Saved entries
• • •
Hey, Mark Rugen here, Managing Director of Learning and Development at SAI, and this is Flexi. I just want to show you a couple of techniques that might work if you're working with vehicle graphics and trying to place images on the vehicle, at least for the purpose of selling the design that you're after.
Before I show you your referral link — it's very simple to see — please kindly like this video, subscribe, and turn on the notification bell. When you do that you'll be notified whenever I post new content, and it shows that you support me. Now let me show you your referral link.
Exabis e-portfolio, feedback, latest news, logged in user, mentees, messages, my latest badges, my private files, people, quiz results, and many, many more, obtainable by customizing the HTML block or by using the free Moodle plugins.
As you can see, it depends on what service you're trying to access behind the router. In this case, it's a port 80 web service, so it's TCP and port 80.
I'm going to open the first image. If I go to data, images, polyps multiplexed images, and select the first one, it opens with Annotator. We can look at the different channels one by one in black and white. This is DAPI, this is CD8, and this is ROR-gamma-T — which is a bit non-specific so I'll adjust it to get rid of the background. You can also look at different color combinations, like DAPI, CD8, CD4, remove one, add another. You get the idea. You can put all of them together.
• • •
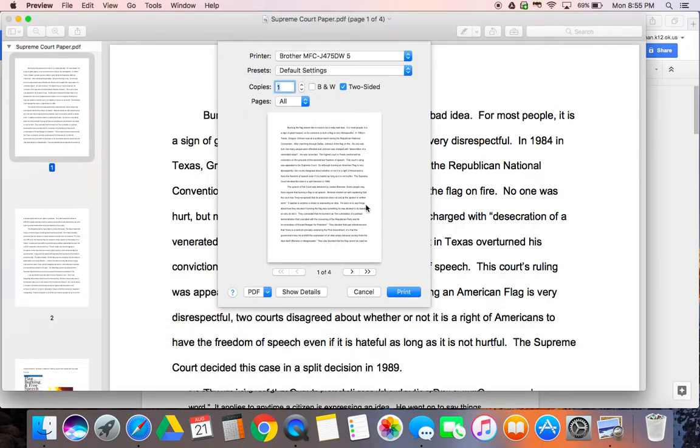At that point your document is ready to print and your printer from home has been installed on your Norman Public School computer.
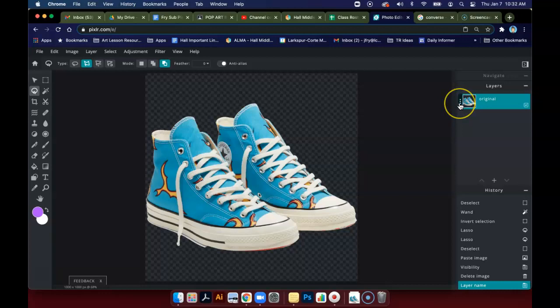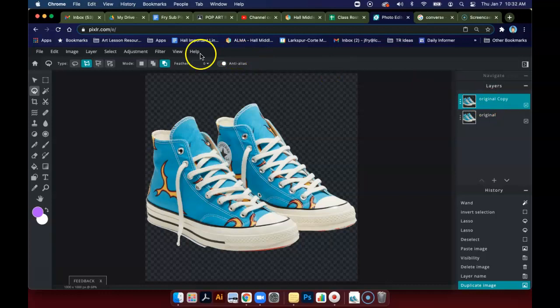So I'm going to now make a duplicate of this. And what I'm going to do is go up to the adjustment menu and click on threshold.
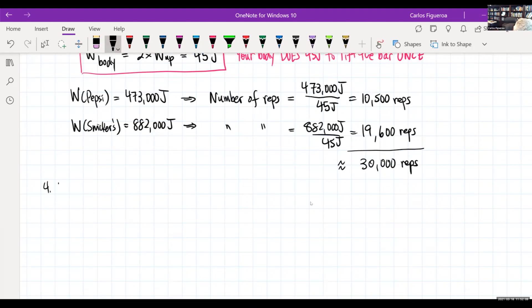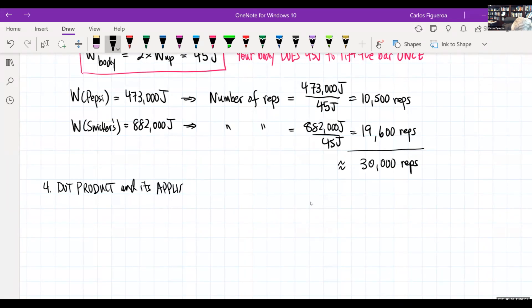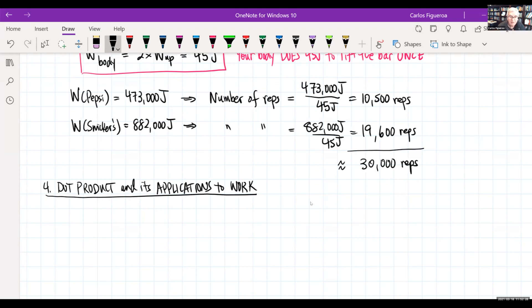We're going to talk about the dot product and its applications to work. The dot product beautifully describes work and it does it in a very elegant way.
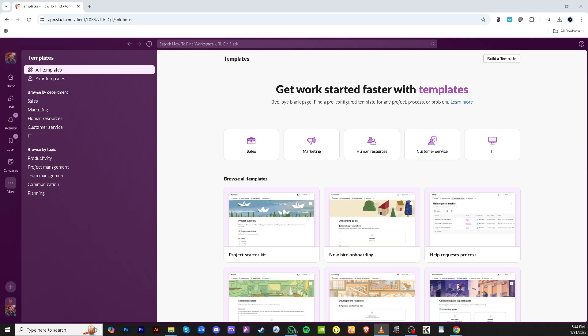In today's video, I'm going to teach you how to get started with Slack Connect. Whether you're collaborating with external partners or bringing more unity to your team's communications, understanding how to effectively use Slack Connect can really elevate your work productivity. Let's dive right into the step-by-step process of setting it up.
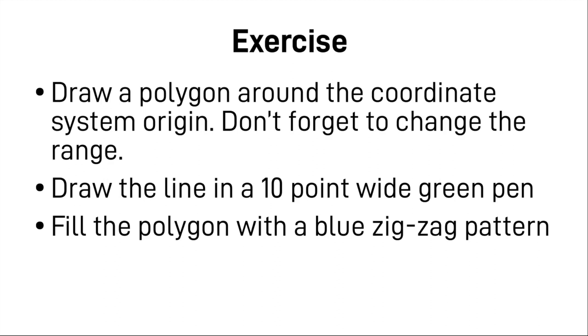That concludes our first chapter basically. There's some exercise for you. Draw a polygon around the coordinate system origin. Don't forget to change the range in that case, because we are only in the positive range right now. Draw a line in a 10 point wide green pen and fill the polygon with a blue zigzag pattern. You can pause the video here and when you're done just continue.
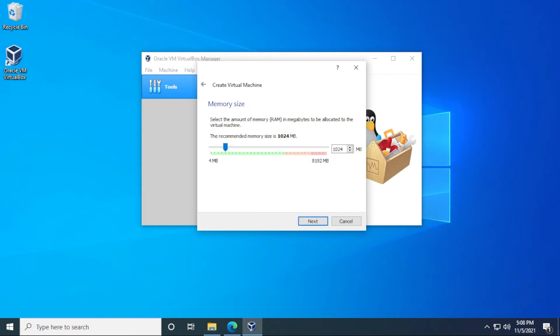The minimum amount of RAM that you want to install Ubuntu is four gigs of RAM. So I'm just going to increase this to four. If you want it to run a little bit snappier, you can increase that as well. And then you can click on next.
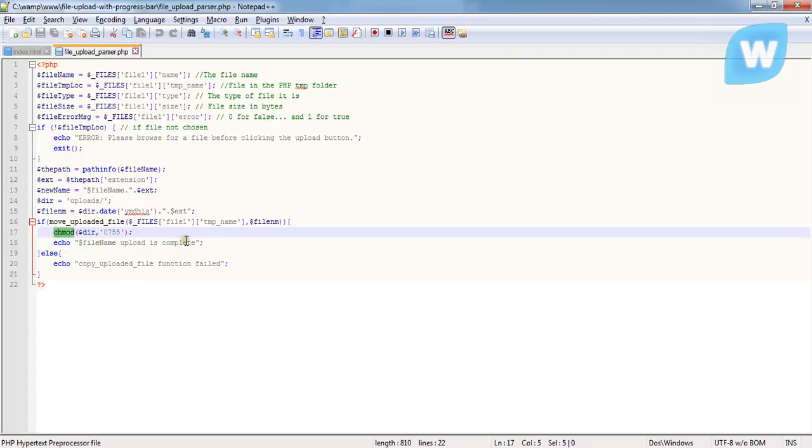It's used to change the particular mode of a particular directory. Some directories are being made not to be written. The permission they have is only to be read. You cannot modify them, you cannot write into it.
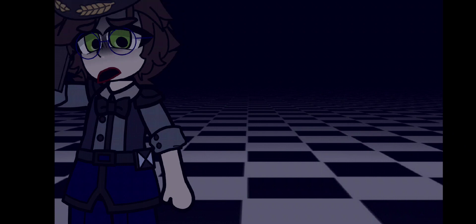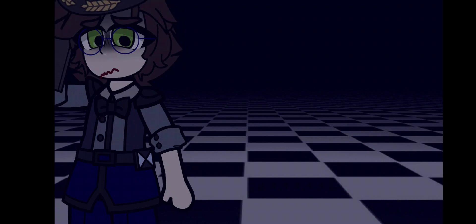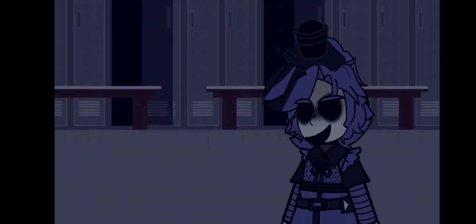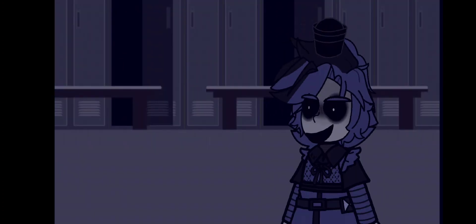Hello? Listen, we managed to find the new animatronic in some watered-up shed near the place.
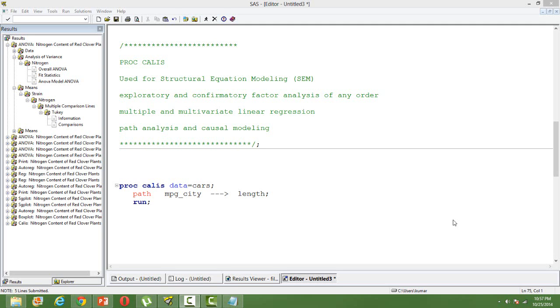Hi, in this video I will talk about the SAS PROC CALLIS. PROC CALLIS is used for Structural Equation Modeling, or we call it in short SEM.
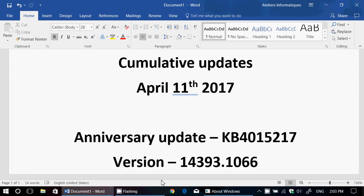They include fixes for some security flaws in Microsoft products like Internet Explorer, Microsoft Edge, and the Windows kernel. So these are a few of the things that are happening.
• • •
** Aim of the exercise **
Lines above with "images" in them are the ones to copy.

** Written response **
Hey, Mark Rugen here, Managing Director of Learning and Development at SAI, and this is Flexi. I just want to show you a couple of techniques that might work if you're working with vehicle graphics and trying to place images on the vehicle, at least for the purpose of selling the design that you're after.
I'm going to open the first image. If I go to data, images, polyps multiplexed images, and select the first one, it opens with Annotator. We can look at the different channels one by one in black and white. This is DAPI, this is CD8, and this is ROR-gamma-T — which is a bit non-specific so I'll adjust it to get rid of the background. You can also look at different color combinations, like DAPI, CD8, CD4, remove one, add another. You get the idea. You can put all of them together.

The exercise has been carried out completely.